→ Provided records:
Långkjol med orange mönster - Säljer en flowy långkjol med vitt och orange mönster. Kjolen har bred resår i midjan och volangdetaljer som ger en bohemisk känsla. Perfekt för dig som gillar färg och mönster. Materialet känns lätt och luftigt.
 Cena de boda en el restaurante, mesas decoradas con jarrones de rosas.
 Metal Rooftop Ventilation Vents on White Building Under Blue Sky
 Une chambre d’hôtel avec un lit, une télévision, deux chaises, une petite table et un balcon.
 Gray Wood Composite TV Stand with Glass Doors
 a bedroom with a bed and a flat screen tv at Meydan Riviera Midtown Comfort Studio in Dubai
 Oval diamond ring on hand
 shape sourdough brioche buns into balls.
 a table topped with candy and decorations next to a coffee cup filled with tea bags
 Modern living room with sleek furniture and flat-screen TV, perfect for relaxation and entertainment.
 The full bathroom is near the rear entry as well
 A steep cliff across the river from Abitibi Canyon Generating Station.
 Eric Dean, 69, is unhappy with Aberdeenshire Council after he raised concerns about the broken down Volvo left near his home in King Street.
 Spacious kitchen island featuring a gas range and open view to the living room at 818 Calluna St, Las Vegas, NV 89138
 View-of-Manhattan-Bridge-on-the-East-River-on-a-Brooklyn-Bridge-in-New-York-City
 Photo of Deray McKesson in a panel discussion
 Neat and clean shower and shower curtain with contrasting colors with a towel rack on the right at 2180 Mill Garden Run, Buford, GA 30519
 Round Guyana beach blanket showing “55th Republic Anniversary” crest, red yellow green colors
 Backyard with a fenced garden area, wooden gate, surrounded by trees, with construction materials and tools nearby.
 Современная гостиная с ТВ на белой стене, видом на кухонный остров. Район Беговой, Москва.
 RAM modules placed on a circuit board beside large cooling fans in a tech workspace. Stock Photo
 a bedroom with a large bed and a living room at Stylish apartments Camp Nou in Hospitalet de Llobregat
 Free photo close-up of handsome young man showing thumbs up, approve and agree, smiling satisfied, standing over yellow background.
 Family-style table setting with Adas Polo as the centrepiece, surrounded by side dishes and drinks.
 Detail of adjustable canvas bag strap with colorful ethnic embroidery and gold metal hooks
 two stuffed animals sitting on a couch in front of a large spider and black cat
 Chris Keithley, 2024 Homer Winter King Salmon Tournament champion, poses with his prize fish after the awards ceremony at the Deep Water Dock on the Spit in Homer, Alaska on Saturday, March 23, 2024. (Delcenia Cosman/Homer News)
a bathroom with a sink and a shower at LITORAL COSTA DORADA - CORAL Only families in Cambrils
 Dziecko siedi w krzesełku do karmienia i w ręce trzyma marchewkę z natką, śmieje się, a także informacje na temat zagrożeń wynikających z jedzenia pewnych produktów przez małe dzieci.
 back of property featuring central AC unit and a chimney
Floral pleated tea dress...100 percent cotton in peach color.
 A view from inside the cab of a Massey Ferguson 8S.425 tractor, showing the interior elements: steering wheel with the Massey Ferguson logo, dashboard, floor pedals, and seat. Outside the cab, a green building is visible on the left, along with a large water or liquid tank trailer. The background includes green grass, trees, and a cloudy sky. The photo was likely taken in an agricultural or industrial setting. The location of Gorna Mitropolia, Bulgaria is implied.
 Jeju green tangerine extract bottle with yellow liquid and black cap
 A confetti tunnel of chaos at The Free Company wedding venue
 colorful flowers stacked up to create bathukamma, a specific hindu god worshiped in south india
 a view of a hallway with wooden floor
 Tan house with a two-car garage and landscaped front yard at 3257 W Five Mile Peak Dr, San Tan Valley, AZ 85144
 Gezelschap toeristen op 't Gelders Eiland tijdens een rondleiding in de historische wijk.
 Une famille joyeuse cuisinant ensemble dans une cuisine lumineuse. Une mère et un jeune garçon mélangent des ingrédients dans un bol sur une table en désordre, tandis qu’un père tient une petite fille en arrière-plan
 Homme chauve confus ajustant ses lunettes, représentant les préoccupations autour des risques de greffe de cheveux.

→ Task statement:
This exercise calls for an exact reproduction of the material.

→ Your solution:
Långkjol med orange mönster - Säljer en flowy långkjol med vitt och orange mönster. Kjolen har bred resår i midjan och volangdetaljer som ger en bohemisk känsla. Perfekt för dig som gillar färg och mönster. Materialet känns lätt och luftigt.
 Cena de boda en el restaurante, mesas decoradas con jarrones de rosas.
 Metal Rooftop Ventilation Vents on White Building Under Blue Sky
 Une chambre d’hôtel avec un lit, une télévision, deux chaises, une petite table et un balcon.
 Gray Wood Composite TV Stand with Glass Doors
 a bedroom with a bed and a flat screen tv at Meydan Riviera Midtown Comfort Studio in Dubai
 Oval diamond ring on hand
 shape sourdough brioche buns into balls.
 a table topped with candy and decorations next to a coffee cup filled with tea bags
 Modern living room with sleek furniture and flat-screen TV, perfect for relaxation and entertainment.
 The full bathroom is near the rear entry as well
 A steep cliff across the river from Abitibi Canyon Generating Station.
 Eric Dean, 69, is unhappy with Aberdeenshire Council after he raised concerns about the broken down Volvo left near his home in King Street.
 Spacious kitchen island featuring a gas range and open view to the living room at 818 Calluna St, Las Vegas, NV 89138
 View-of-Manhattan-Bridge-on-the-East-River-on-a-Brooklyn-Bridge-in-New-York-City
 Photo of Deray McKesson in a panel discussion
 Neat and clean shower and shower curtain with contrasting colors with a towel rack on the right at 2180 Mill Garden Run, Buford, GA 30519
 Round Guyana beach blanket showing “55th Republic Anniversary” crest, red yellow green colors
 Backyard with a fenced garden area, wooden gate, surrounded by trees, with construction materials and tools nearby.
 Современная гостиная с ТВ на белой стене, видом на кухонный остров. Район Беговой, Москва.
 RAM modules placed on a circuit board beside large cooling fans in a tech workspace. Stock Photo
 a bedroom with a large bed and a living room at Stylish apartments Camp Nou in Hospitalet de Llobregat
 Free photo close-up of handsome young man showing thumbs up, approve and agree, smiling satisfied, standing over yellow background.
 Family-style table setting with Adas Polo as the centrepiece, surrounded by side dishes and drinks.
 Detail of adjustable canvas bag strap with colorful ethnic embroidery and gold metal hooks
 two stuffed animals sitting on a couch in front of a large spider and black cat
 Chris Keithley, 2024 Homer Winter King Salmon Tournament champion, poses with his prize fish after the awards ceremony at the Deep Water Dock on the Spit in Homer, Alaska on Saturday, March 23, 2024. (Delcenia Cosman/Homer News)
a bathroom with a sink and a shower at LITORAL COSTA DORADA - CORAL Only families in Cambrils
 Dziecko siedi w krzesełku do karmienia i w ręce trzyma marchewkę z natką, śmieje się, a także informacje na temat zagrożeń wynikających z jedzenia pewnych produktów przez małe dzieci.
 back of property featuring central AC unit and a chimney
Floral pleated tea dress...100 percent cotton in peach color.
 A view from inside the cab of a Massey Ferguson 8S.425 tractor, showing the interior elements: steering wheel with the Massey Ferguson logo, dashboard, floor pedals, and seat. Outside the cab, a green building is visible on the left, along with a large water or liquid tank trailer. The background includes green grass, trees, and a cloudy sky. The photo was likely taken in an agricultural or industrial setting. The location of Gorna Mitropolia, Bulgaria is implied.
 Jeju green tangerine extract bottle with yellow liquid and black cap
 A confetti tunnel of chaos at The Free Company wedding venue
 colorful flowers stacked up to create bathukamma, a specific hindu god worshiped in south india
 a view of a hallway with wooden floor
 Tan house with a two-car garage and landscaped front yard at 3257 W Five Mile Peak Dr, San Tan Valley, AZ 85144
 Gezelschap toeristen op 't Gelders Eiland tijdens een rondleiding in de historische wijk.
 Une famille joyeuse cuisinant ensemble dans une cuisine lumineuse. Une mère et un jeune garçon mélangent des ingrédients dans un bol sur une table en désordre, tandis qu’un père tient une petite fille en arrière-plan
 Homme chauve confus ajustant ses lunettes, représentant les préoccupations autour des risques de greffe de cheveux.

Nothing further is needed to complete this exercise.